Problem. Could you transcribe every record below exactly as written, leaving out any pictures?

Supplied material.
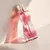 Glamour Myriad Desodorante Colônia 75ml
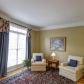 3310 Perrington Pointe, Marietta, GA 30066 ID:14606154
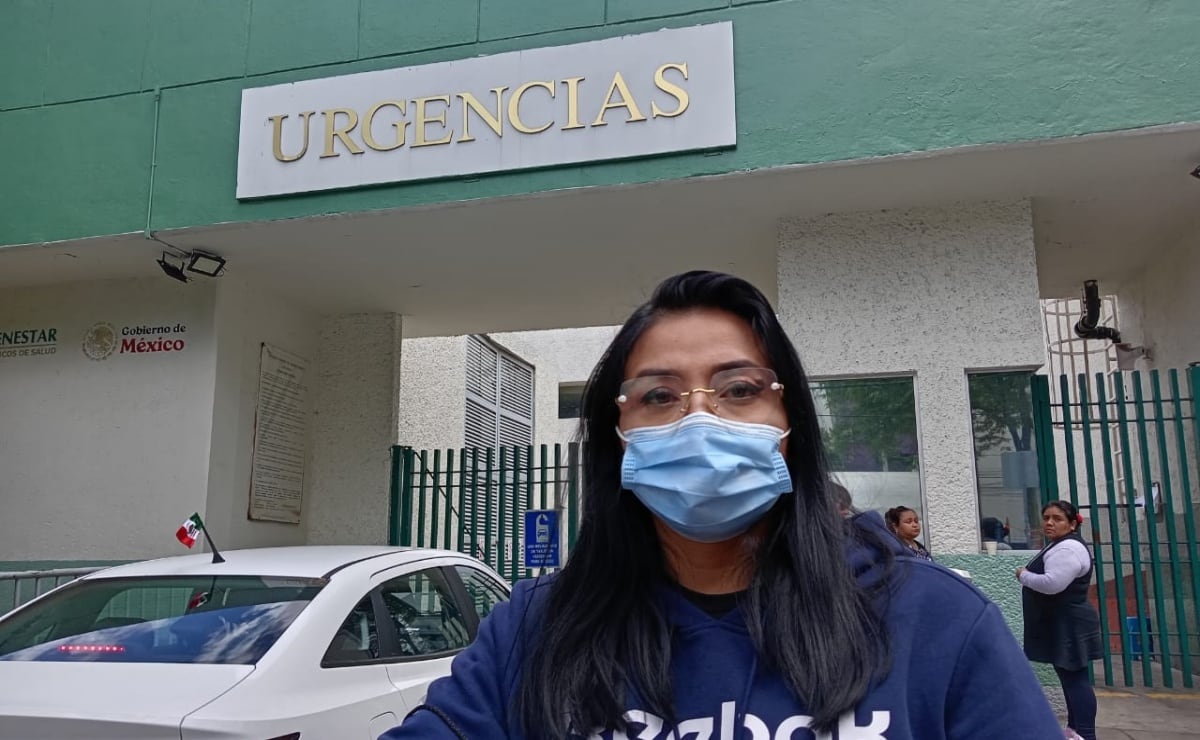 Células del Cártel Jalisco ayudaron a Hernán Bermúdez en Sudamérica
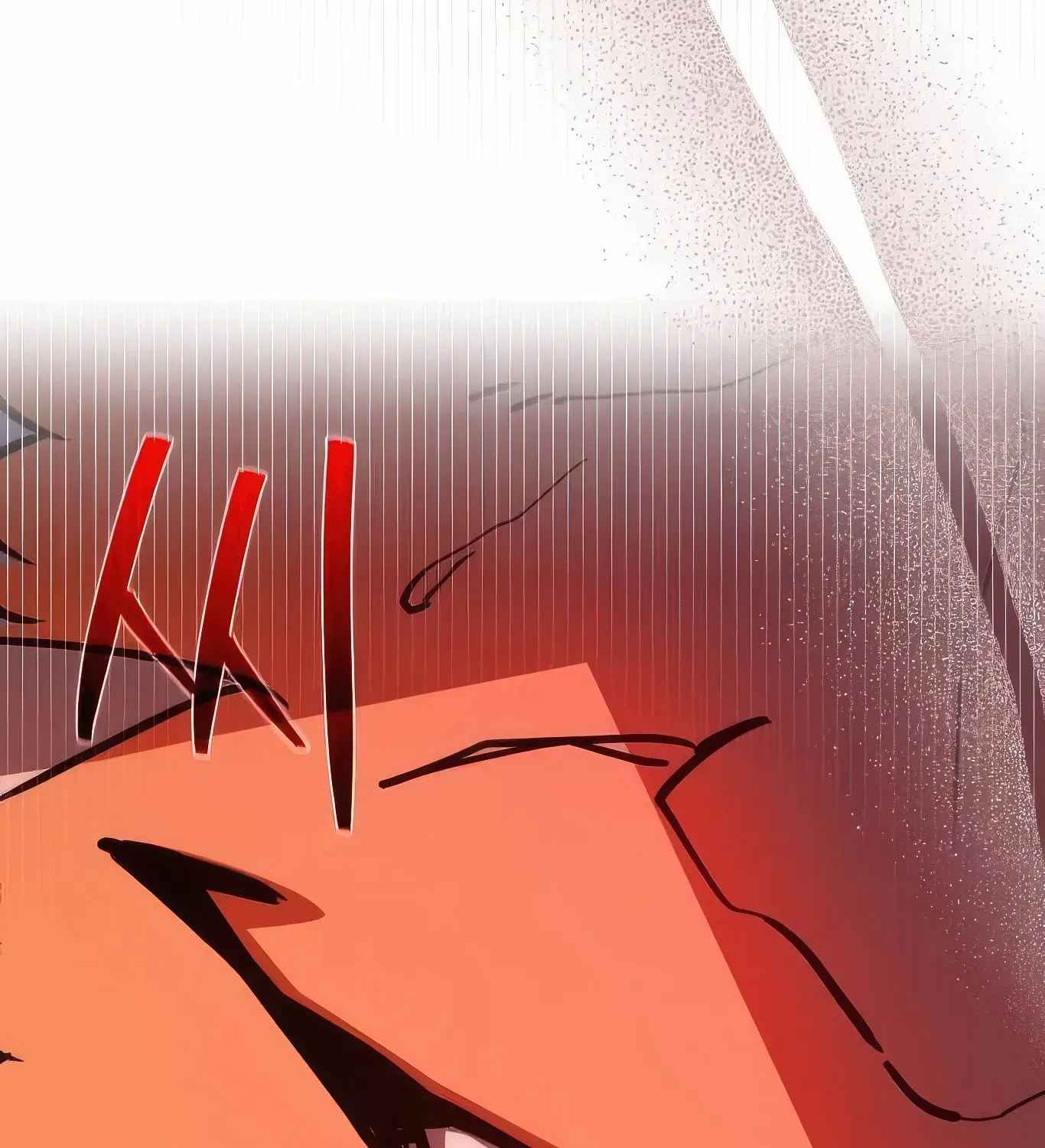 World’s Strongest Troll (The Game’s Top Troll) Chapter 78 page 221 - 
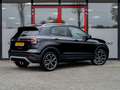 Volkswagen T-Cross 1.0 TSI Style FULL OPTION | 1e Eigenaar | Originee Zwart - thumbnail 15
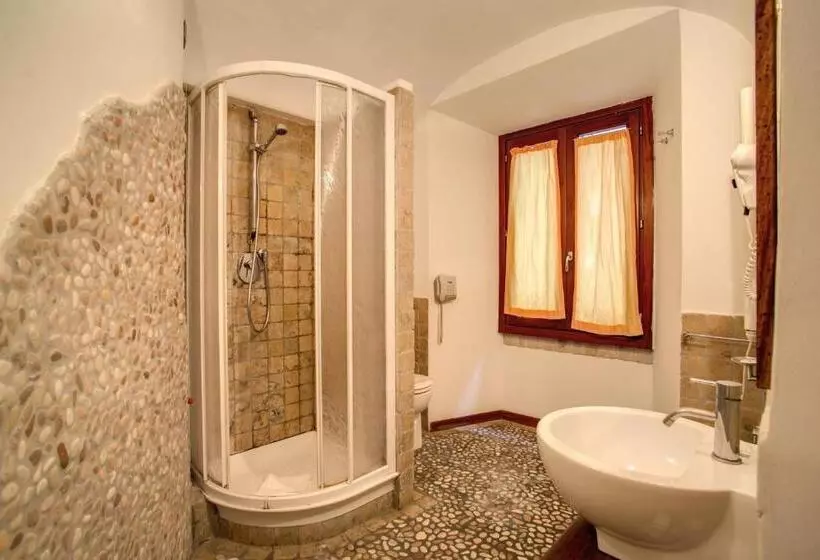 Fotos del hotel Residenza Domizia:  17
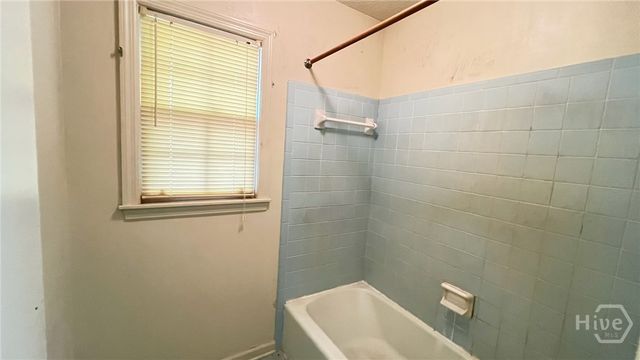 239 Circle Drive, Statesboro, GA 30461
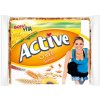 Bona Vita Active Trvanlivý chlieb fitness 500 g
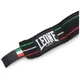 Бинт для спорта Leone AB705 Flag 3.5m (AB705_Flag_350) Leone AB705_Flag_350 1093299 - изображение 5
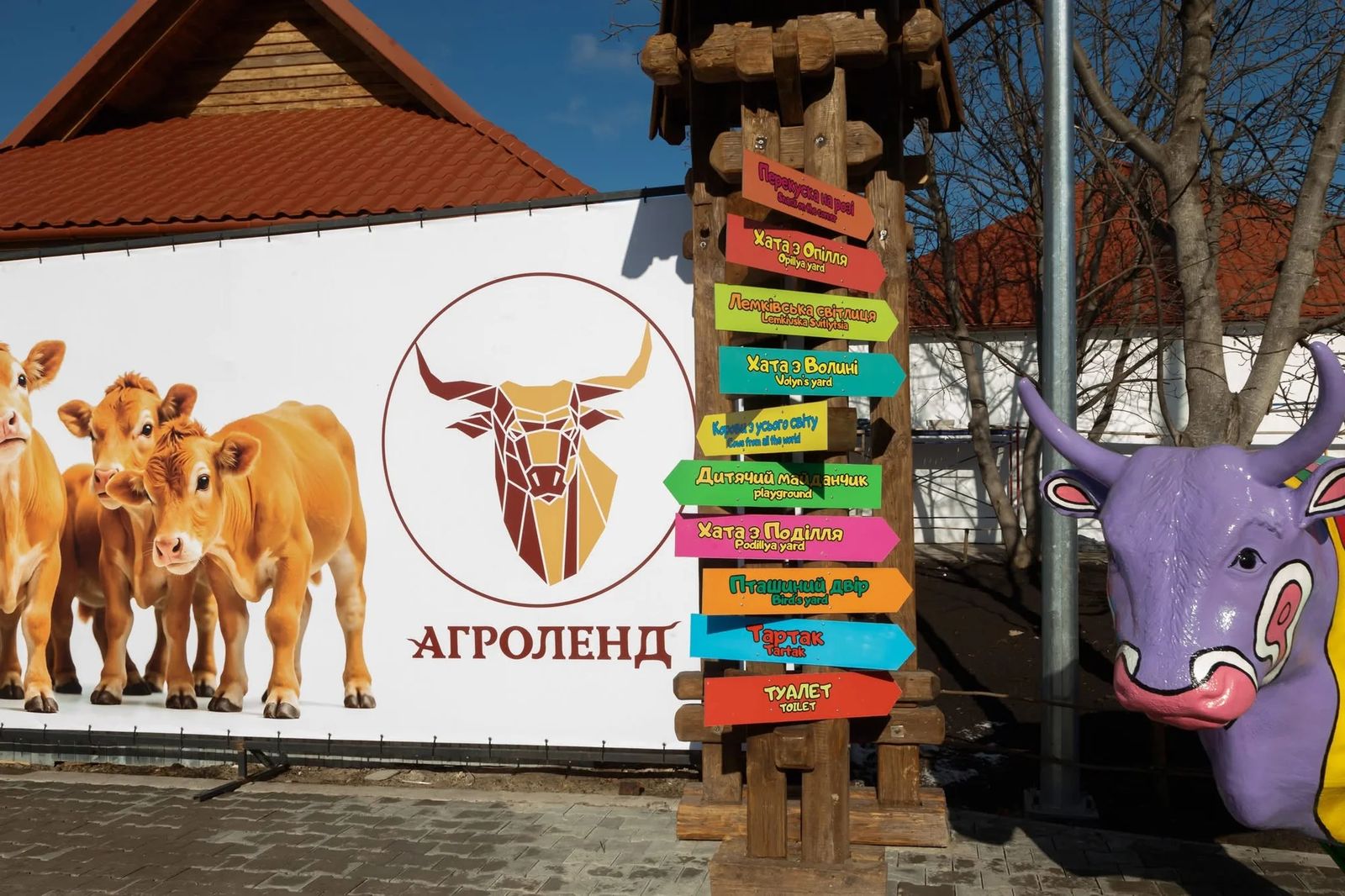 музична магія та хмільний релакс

Exercise answer.
 Glamour Myriad Desodorante Colônia 75ml
 3310 Perrington Pointe, Marietta, GA 30066 ID:14606154
 Células del Cártel Jalisco ayudaron a Hernán Bermúdez en Sudamérica
 World’s Strongest Troll (The Game’s Top Troll) Chapter 78 page 221 - 
 Volkswagen T-Cross 1.0 TSI Style FULL OPTION | 1e Eigenaar | Originee Zwart - thumbnail 15
 Fotos del hotel Residenza Domizia:  17
 239 Circle Drive, Statesboro, GA 30461
 Bona Vita Active Trvanlivý chlieb fitness 500 g
 Бинт для спорта Leone AB705 Flag 3.5m (AB705_Flag_350) Leone AB705_Flag_350 1093299 - изображение 5
 музична магія та хмільний релакс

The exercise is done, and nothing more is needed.